What you will do »
With pictures left out, retype exactly the lines from the one containing "Ice Cream Pastel" through the final line of the entries.

Given information »
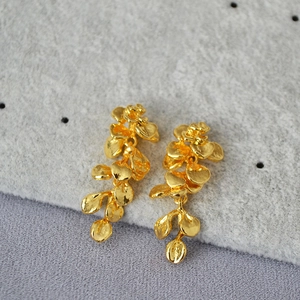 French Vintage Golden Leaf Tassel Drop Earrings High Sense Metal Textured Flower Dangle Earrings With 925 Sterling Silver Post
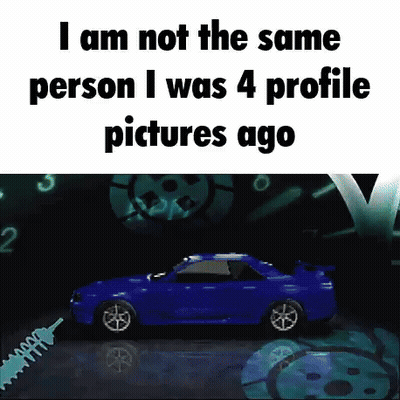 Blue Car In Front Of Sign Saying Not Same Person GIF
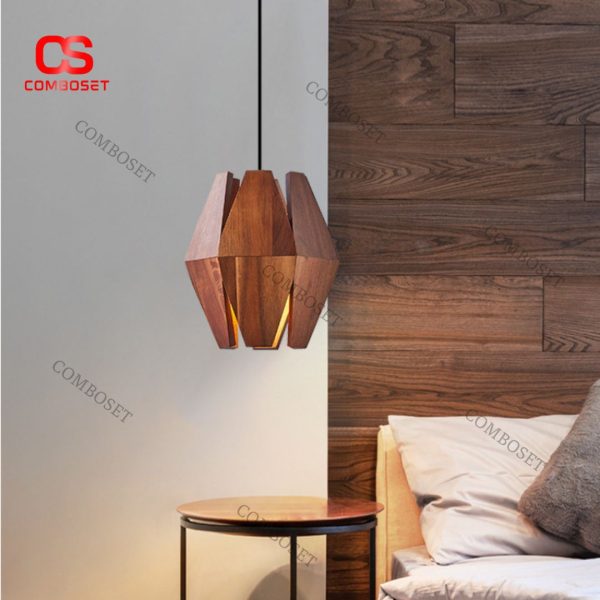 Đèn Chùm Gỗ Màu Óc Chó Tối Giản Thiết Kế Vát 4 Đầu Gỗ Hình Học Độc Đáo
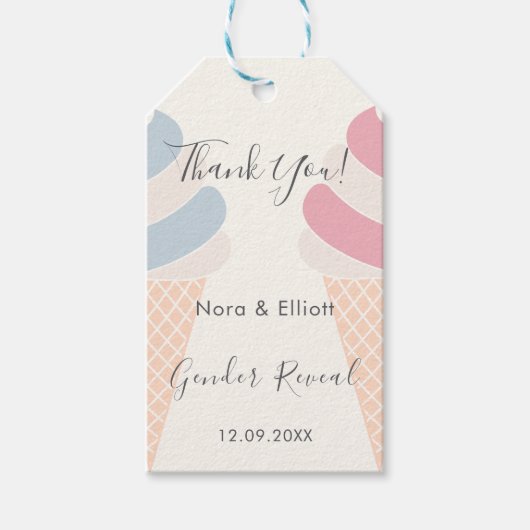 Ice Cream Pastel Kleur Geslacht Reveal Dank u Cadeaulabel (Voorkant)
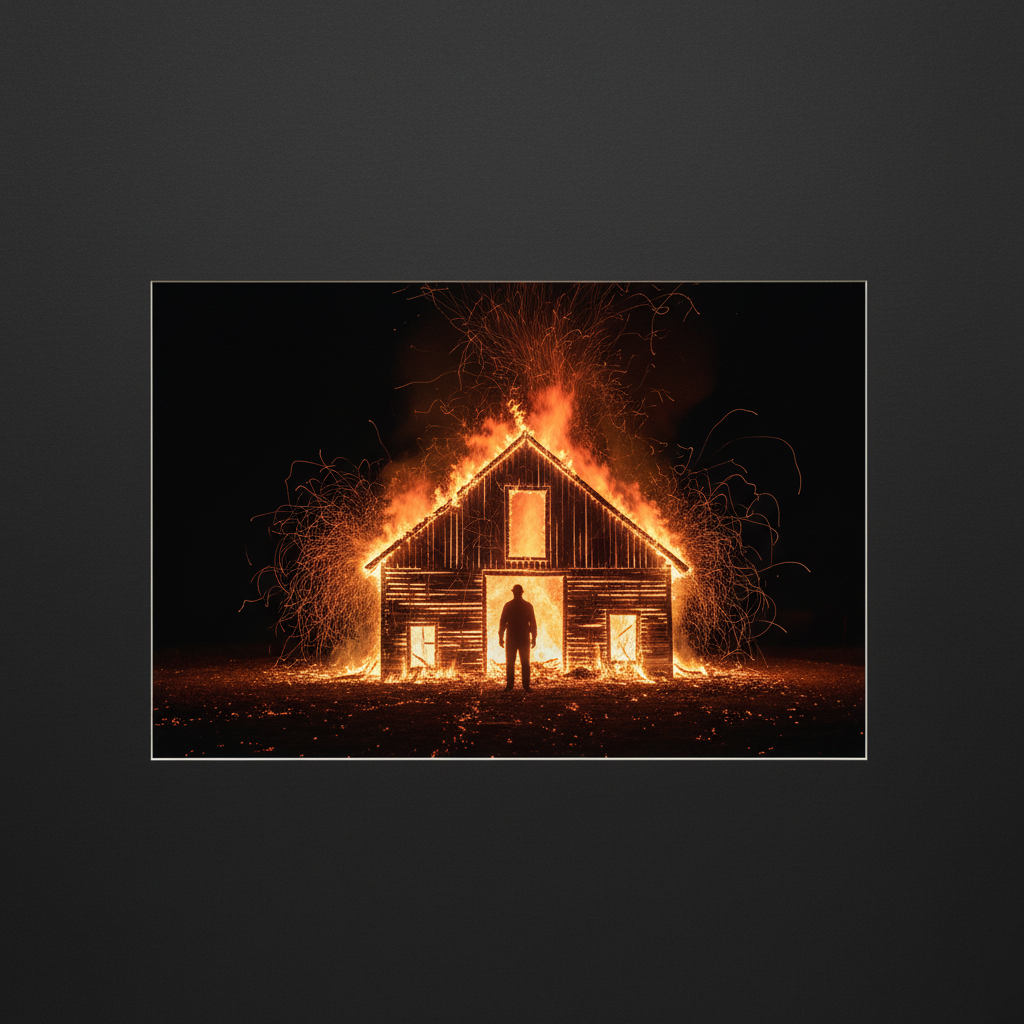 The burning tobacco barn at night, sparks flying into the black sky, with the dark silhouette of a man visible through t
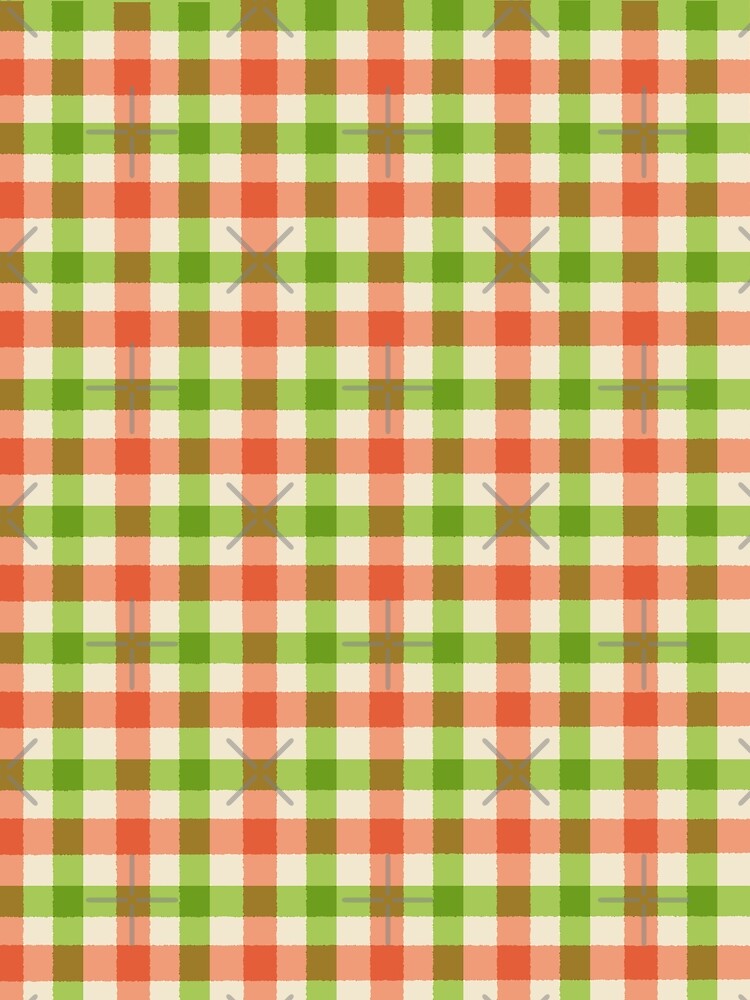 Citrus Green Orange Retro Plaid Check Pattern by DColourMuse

Finished task »
 Ice Cream Pastel Kleur Geslacht Reveal Dank u Cadeaulabel (Voorkant)
 The burning tobacco barn at night, sparks flying into the black sky, with the dark silhouette of a man visible through t
 Citrus Green Orange Retro Plaid Check Pattern by DColourMuse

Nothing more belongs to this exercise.